Through various iterations of the song—shrill, jazzy, hilarious power ballad complete with 'Hello, Glasgow!' shouted out to the small space, a spot-on Liam Gallagher and punky scream (a bit too controlled for my liking- I really wanted her to let go even more)—various ages of her life are revisited. But it is the contemplative spaces in-between, like a minute's silence for the dead, that are most telling, changing the tone almost imperceptibly at first. Happy memories of loud singing, sitcoms with her Dad and bacon butties are sharply contrasted with losing a loved one to cancer, loneliness and sorrow.
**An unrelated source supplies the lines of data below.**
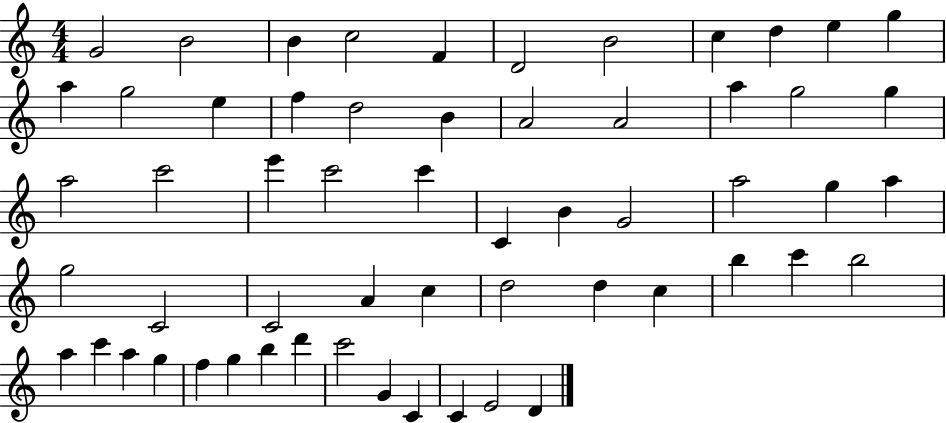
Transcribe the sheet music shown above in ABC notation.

X:1
T:Untitled
M:4/4
L:1/4
K:C
G2 B2 B c2 F D2 B2 c d e g a g2 e f d2 B A2 A2 a g2 g a2 c'2 e' c'2 c' C B G2 a2 g a g2 C2 C2 A c d2 d c b c' b2 a c' a g f g b d' c'2 G C C E2 D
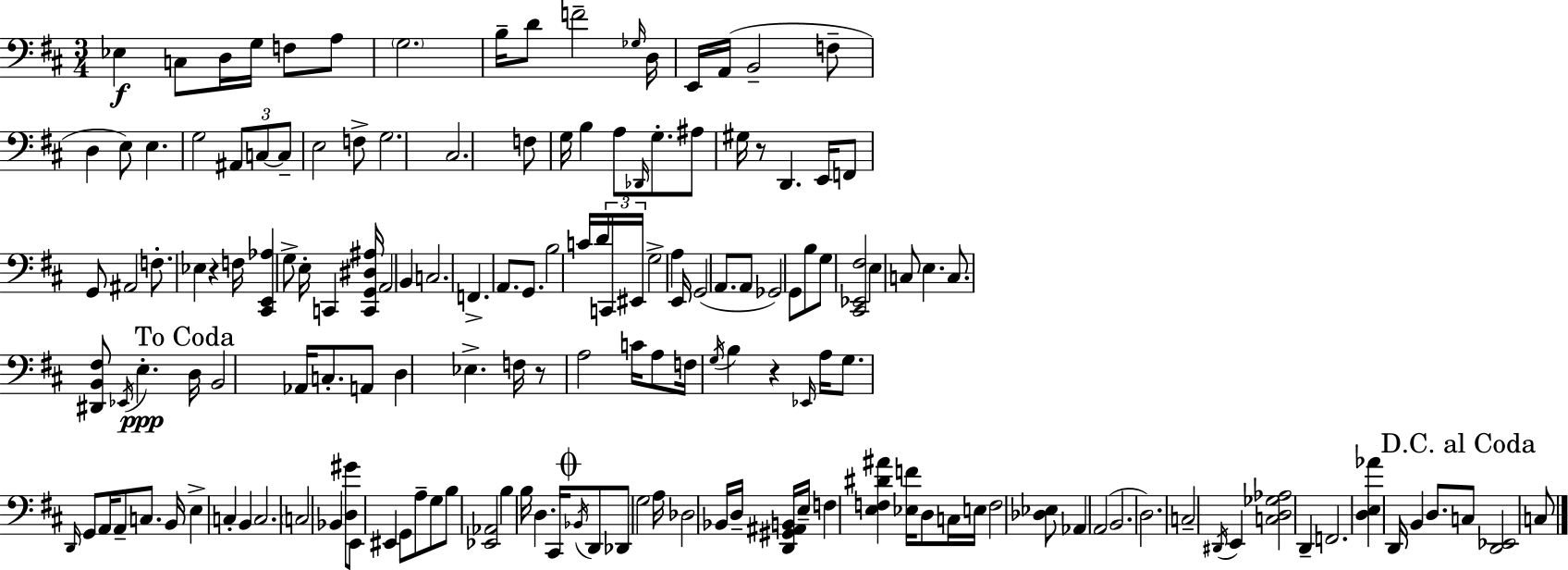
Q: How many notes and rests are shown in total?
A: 157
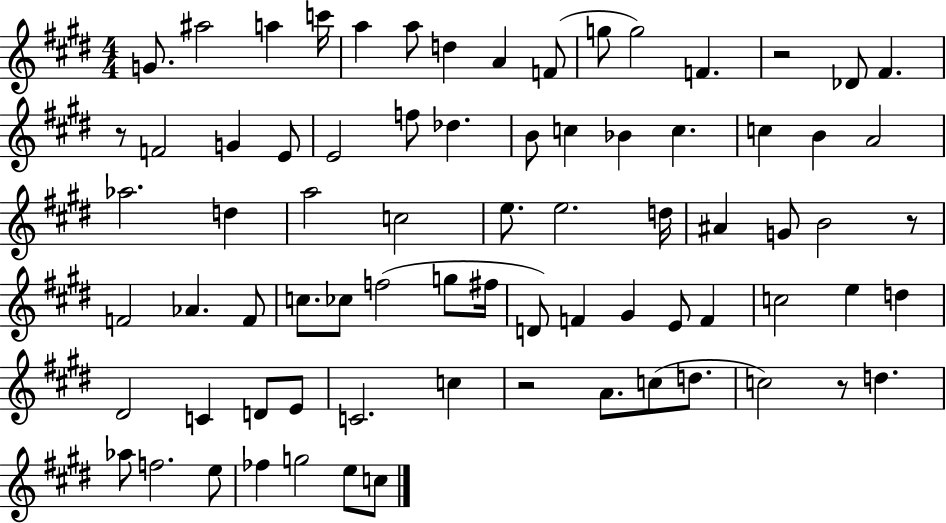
{
  \clef treble
  \numericTimeSignature
  \time 4/4
  \key e \major
  \repeat volta 2 { g'8. ais''2 a''4 c'''16 | a''4 a''8 d''4 a'4 f'8( | g''8 g''2) f'4. | r2 des'8 fis'4. | \break r8 f'2 g'4 e'8 | e'2 f''8 des''4. | b'8 c''4 bes'4 c''4. | c''4 b'4 a'2 | \break aes''2. d''4 | a''2 c''2 | e''8. e''2. d''16 | ais'4 g'8 b'2 r8 | \break f'2 aes'4. f'8 | c''8. ces''8 f''2( g''8 fis''16 | d'8) f'4 gis'4 e'8 f'4 | c''2 e''4 d''4 | \break dis'2 c'4 d'8 e'8 | c'2. c''4 | r2 a'8. c''8( d''8. | c''2) r8 d''4. | \break aes''8 f''2. e''8 | fes''4 g''2 e''8 c''8 | } \bar "|."
}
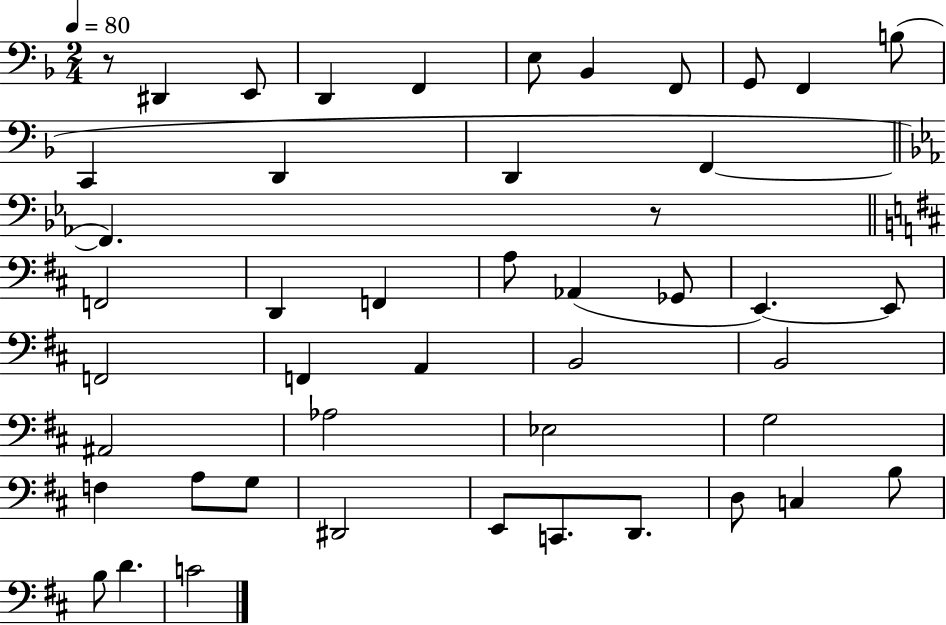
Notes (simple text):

R/e D#2/q E2/e D2/q F2/q E3/e Bb2/q F2/e G2/e F2/q B3/e C2/q D2/q D2/q F2/q F2/q. R/e F2/h D2/q F2/q A3/e Ab2/q Gb2/e E2/q. E2/e F2/h F2/q A2/q B2/h B2/h A#2/h Ab3/h Eb3/h G3/h F3/q A3/e G3/e D#2/h E2/e C2/e. D2/e. D3/e C3/q B3/e B3/e D4/q. C4/h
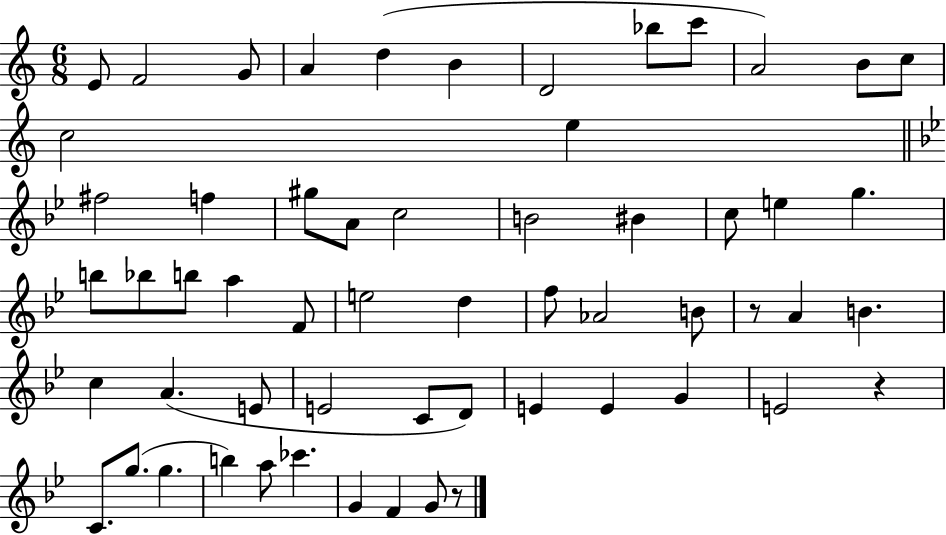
E4/e F4/h G4/e A4/q D5/q B4/q D4/h Bb5/e C6/e A4/h B4/e C5/e C5/h E5/q F#5/h F5/q G#5/e A4/e C5/h B4/h BIS4/q C5/e E5/q G5/q. B5/e Bb5/e B5/e A5/q F4/e E5/h D5/q F5/e Ab4/h B4/e R/e A4/q B4/q. C5/q A4/q. E4/e E4/h C4/e D4/e E4/q E4/q G4/q E4/h R/q C4/e. G5/e. G5/q. B5/q A5/e CES6/q. G4/q F4/q G4/e R/e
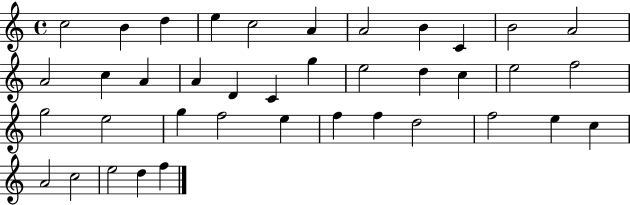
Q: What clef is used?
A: treble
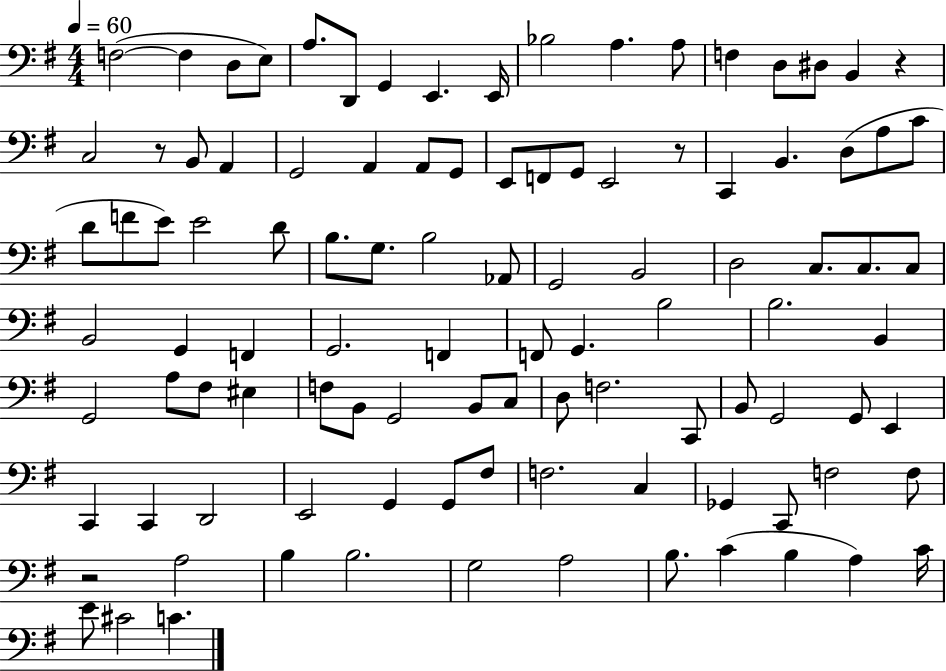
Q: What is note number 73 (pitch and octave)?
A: E2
A jaunty audience singalong of Heads... is thus re-written as an elegy to the lost. Notes in the melody ebb away until, they too, are lost. Very affectingly, Watson is left alone on the stage, softly singing a cappella, slapping her thigh for percussion. It could almost be read as an existentialist statement.The scared little Aby is now gone, replaced by a performer in her twenties. And when she dances now, she is controlled, elegant and expressive, with perfect extensions of legs and arms.

Her own self is—as the rest of us—a work-in-progress...ever-shifting, always evolving, like the rhythms of a simple child's song.

Performing at the Tron Theatre until October 17th.